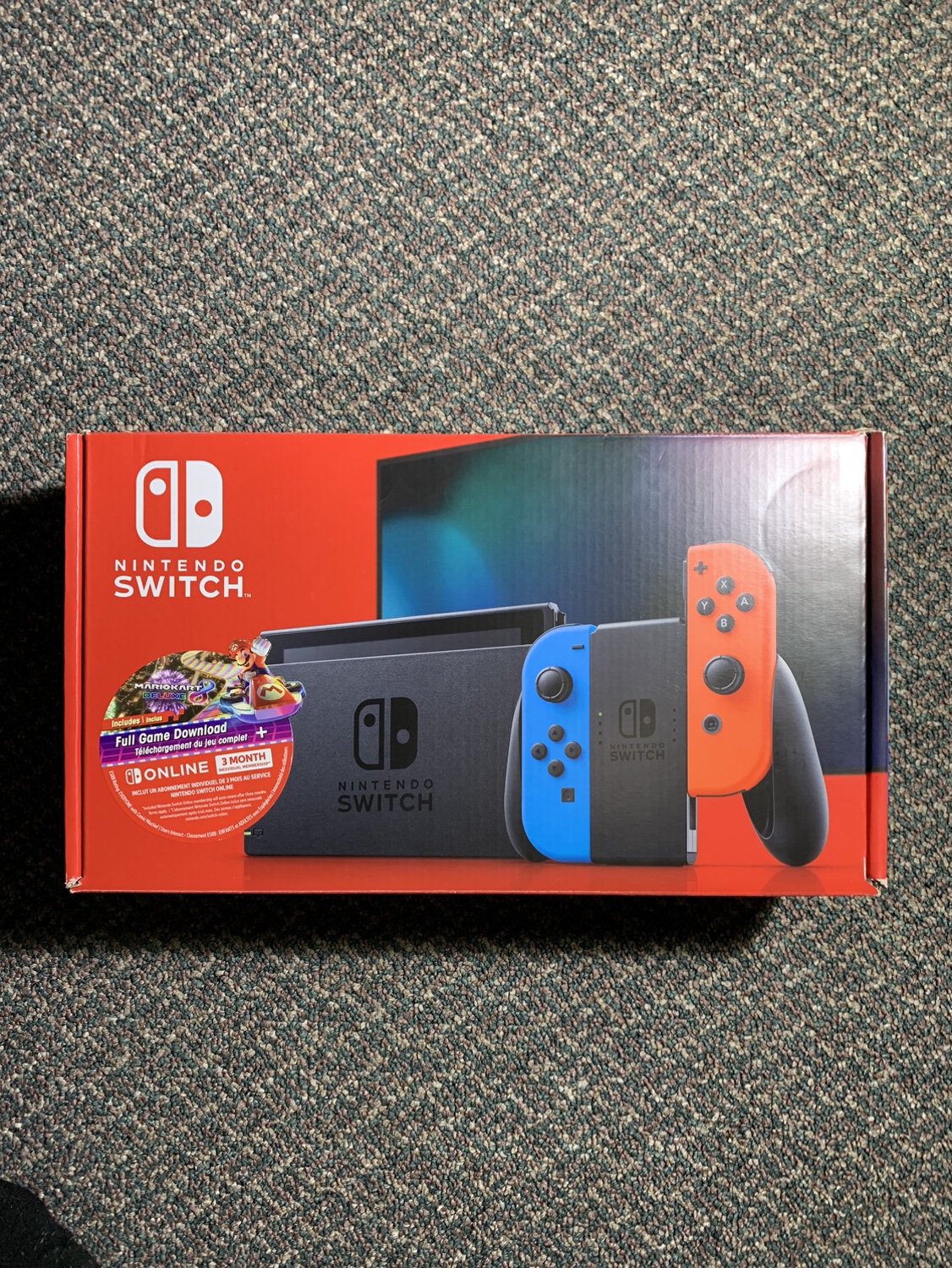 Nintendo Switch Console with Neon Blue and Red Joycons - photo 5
====
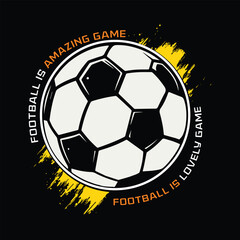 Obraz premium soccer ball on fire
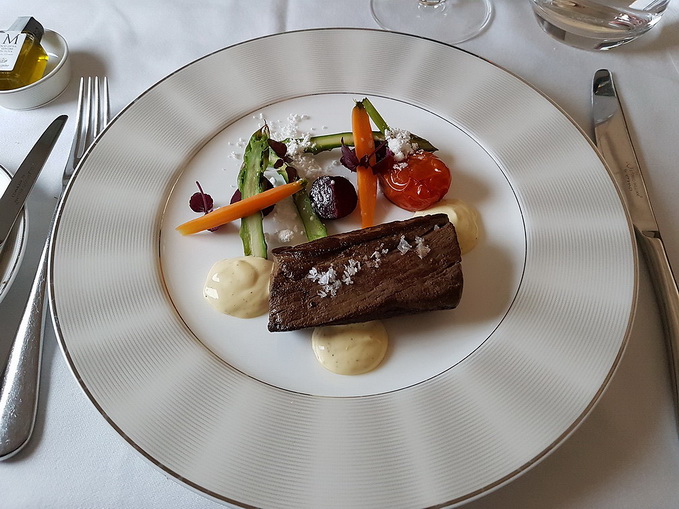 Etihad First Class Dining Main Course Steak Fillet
====
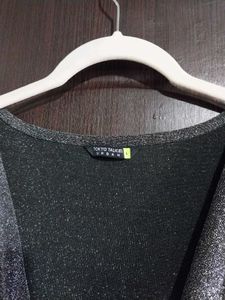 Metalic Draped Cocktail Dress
====
Task description:
Repeat exactly, and only, the entries from the line with "Obraz premium soccer ball on fire" through the line with "Etihad First Class". Pictures are skipped.

Answer box:
 Obraz premium soccer ball on fire
 Etihad First Class Dining Main Course Steak Fillet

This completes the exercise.